*Description of the task*
The answer should be an exact copy of the lines from the one with "BERNY Gold Watch" through the end of the listing below, with no other lines.

----------

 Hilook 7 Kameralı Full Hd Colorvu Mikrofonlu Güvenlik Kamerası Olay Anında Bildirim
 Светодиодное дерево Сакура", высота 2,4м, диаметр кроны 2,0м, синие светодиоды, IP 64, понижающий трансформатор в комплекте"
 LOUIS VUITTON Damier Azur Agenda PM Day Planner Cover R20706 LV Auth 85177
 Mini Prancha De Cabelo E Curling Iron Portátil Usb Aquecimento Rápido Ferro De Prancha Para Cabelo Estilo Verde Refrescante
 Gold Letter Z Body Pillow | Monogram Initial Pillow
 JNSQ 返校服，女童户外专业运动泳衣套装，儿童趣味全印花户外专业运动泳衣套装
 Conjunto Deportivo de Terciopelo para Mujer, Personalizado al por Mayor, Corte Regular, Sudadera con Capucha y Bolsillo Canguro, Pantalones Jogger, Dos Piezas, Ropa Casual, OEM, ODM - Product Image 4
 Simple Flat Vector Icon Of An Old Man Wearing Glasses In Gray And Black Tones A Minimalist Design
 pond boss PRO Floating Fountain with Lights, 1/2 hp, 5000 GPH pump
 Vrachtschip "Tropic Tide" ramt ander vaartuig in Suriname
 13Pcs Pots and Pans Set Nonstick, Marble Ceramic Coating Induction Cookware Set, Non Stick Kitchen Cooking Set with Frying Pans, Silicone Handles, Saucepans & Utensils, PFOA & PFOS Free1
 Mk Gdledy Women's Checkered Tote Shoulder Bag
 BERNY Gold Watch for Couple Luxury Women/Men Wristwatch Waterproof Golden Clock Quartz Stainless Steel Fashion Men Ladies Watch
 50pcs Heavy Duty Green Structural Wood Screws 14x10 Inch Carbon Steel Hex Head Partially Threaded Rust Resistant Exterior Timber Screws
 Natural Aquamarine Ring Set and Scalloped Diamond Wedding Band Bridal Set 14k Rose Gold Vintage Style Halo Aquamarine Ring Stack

----------

*Finished task*
 BERNY Gold Watch for Couple Luxury Women/Men Wristwatch Waterproof Golden Clock Quartz Stainless Steel Fashion Men Ladies Watch
 50pcs Heavy Duty Green Structural Wood Screws 14x10 Inch Carbon Steel Hex Head Partially Threaded Rust Resistant Exterior Timber Screws
 Natural Aquamarine Ring Set and Scalloped Diamond Wedding Band Bridal Set 14k Rose Gold Vintage Style Halo Aquamarine Ring Stack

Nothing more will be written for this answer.